Category Archives: Ideas

Self-Paced Learning: Part One

My school system decided to go one-to-one this year and with middle school that means that each student receives a Lenova laptop computer. They are housed in the student’s homeroom and are used only at school.

With the availability of technology on a daily basis came a sense of responsibility to use it for a purpose. Before Fall Break this took the form of Nearpod presentations. I enjoyed the ability to get instant feedback from the entire class in the many forms that Nearpod offers – short answer, multiple-choice, drawing, finding an image, collaborative discussions, surveys, etc. A drawback was that students with poor keyboarding skills often needed more time and some checks for understandings might have been better executed with class discussion.
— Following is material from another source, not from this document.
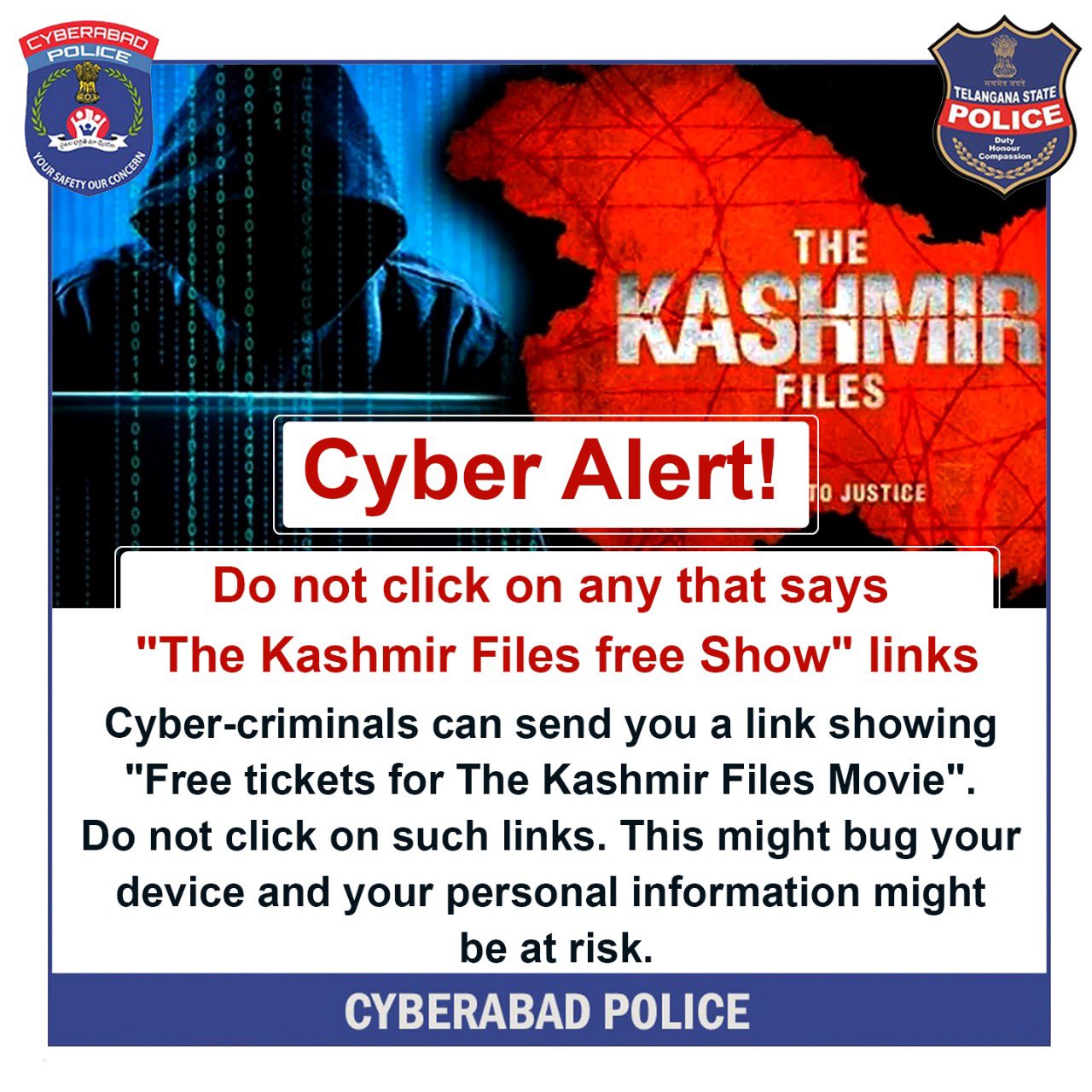 Cyberabad Police (cyberabadpolice) / Twitter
By the end of the nine weeks, I was a bit burnt out and am sure my students were more burned out by the pattern of sameness even if I had different tasks for each lesson, so I searched for something else.

I found Blended Learning in Action by Caitlyn R. Tucker and The HyperDoc Handbook: Digital Lesson Design Using Google Apps by LIsa Highfill, Kelly Hilton, and Sarah Landis. With these resources I considered the idea of implementing hyperdocs, a phrase coined by Highfill, Hilton, and Landis. A hyperdoc is a self-paced lesson that includes opportunities for students to work through a variety of resources to master strategies and skills. Here is a link to one that I created soon after discovering this idea.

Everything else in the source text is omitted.